Parents: not proven (see Family Notes)
Thomas appears to have had a very colourful and distinctive personality. The following entry from the Journal of the House of Burgesses of Virginia dated Tuesday, August 3, 1619 reveals that he was most certainly a man of great spirit and boldness---and quite possibly also a "troublemaker" and rogue.
"...Captain William Powell presented to the assembly a petition to have justice against a lewd and treacherous servant of his, who by false accusation given up in writing to the governor sought not only to get him deposed from his government of James City, and utterly (according to the proclamation) to be degraded from the place and title of a Captaine, but to take his life from him also. And so out of the said Petition sprang the order following: Captain William Powell presented a petition to the General Assembly against one Thomas Garnett a servant of his not only for extreme neglect of his business, to the great loss & prejudice of the said Captaine, and for openly and impudently abusing his House, in full sight both of Master and Mistress, through wantonness with a woman servant of theirs, a widdowe, but also for falsely accusing him to the Governor both of Drunkenness, & Thefte, & besides for bringing his fellow servants to testifie on his side, wherein they justly failed him."
Further to this Petition by William Powell, the General Assembly, and the Governor himself, passed sentence upon Thomas Garnett that the said defendant "should stand four days with his ears nailed to the Pillory" [ouch] that is to say from Wednesday August 4th and for likewise Thursday, Friday and Saturday next following, and every of those four days should be publicly whipped. Clearly Thomas Garnett was indentured to Captain William Powell.
It is not evident how serious or true the accusations leveled by William Powell against Thomas actually were. The only testimony offered in the case came from William Powell himself, and he was known to be a drunkard and gambler. Furthermore, William Powell was well acquainted with the governor, played cards with him and allegedly lost his beautiful estate called Chippokes, on the James River, in a card game with the governor. Such comradeship between Captain Powell and the governor would not likely ensure fair treatment for Thomas against the word of his accuser.
There is another reference that implies this may have been a more general 'rebellion' by a number of William Powell's indentured servants, led by Thomas.
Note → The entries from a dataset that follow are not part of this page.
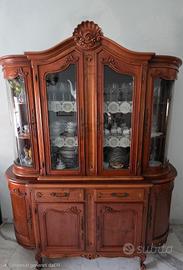 credenza piu' tavolo + 6 sedie imbottite 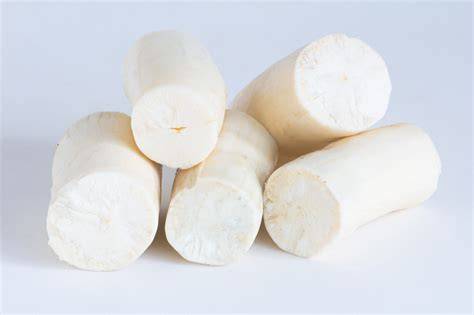 Raíz de yuca fresca y cortada
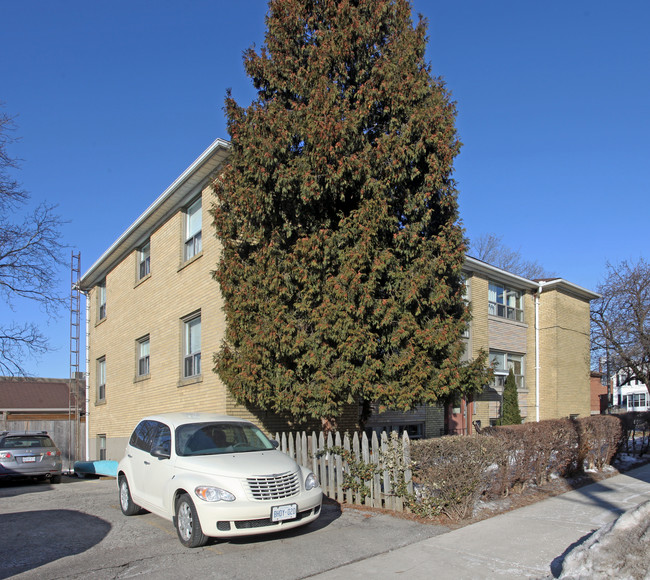 2719 Lake Shore Blvd in Toronto, ON - Building Photo - Building Photo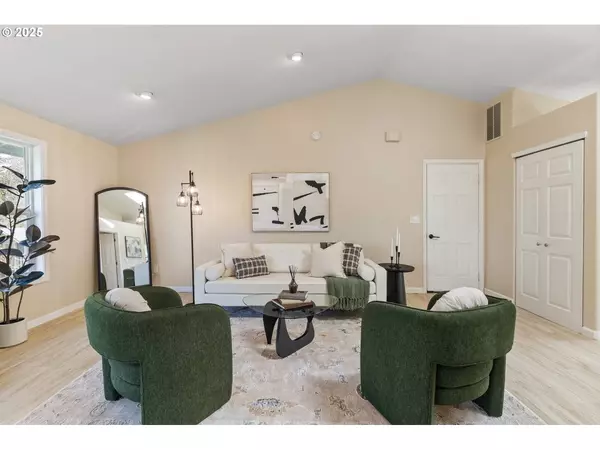 2965 W 19TH AVE, Eugene, OR 97405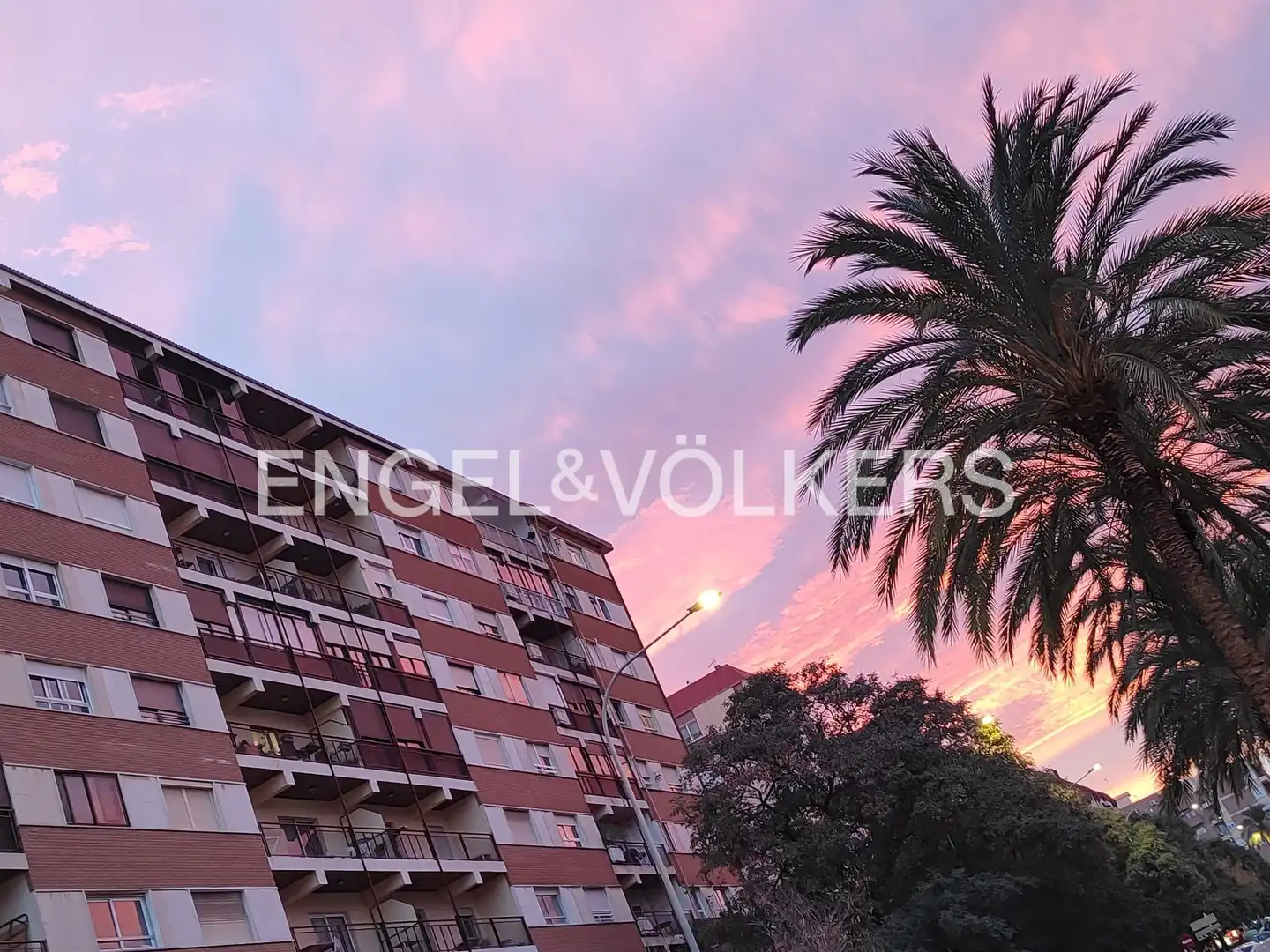 Außenansicht von Dachboden zur Miete in Valencia mit Klimaanlage, Heizung und Terrasse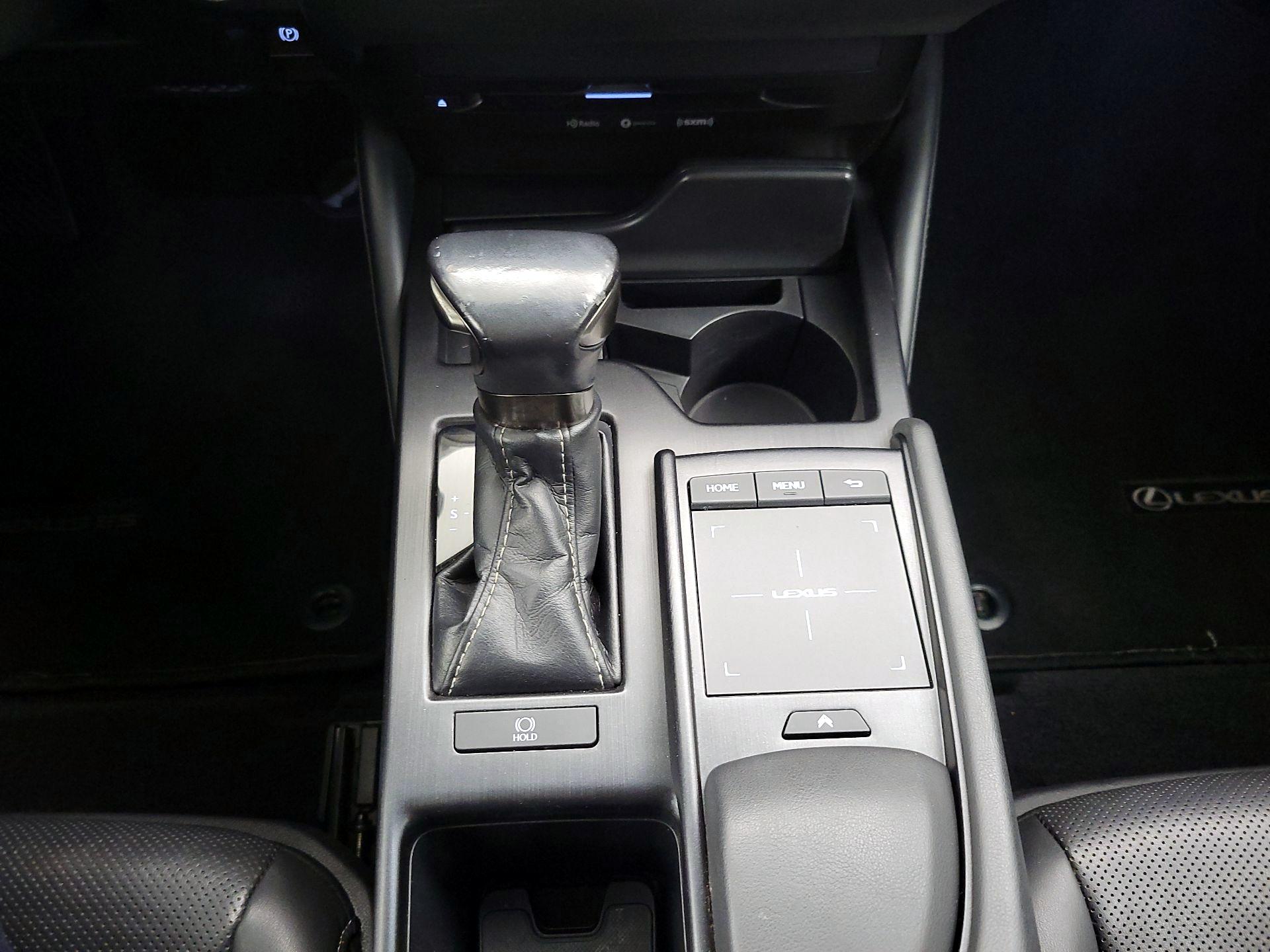 Thumbnail: 2019 Lexus ES - 17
Thomas was then banished to Elizabeth City. Yet another site makes the assumption, that since Powell was a tobacco planter, that Thomas worked in the tobacco fields.
Fifteen years later, Thomas' status in life had undergone a tremendous change for the better. By that time, he was no longer an indentured servant but had become a land owner in his own right. The obtaining of land in the American wilderness was a unique process in the early days of the English settlements. Nobody came to America and purchased land. Even if that had been possible, nobody had any money to buy it with. Up to the year 1634 there was no county organization in the colony. The London Company had restricted all landholding to small patches except for larger grants that may have gone to officers and friends of the company. Some grants to free colonists were made as early as 1619, the year of Thomas' encounter with the Virginia House of Burgesses for the defamation of Captain William Powell, but this was the first representative assembly called together in America and Thomas Garnett's case came before the House in the first year of its existence.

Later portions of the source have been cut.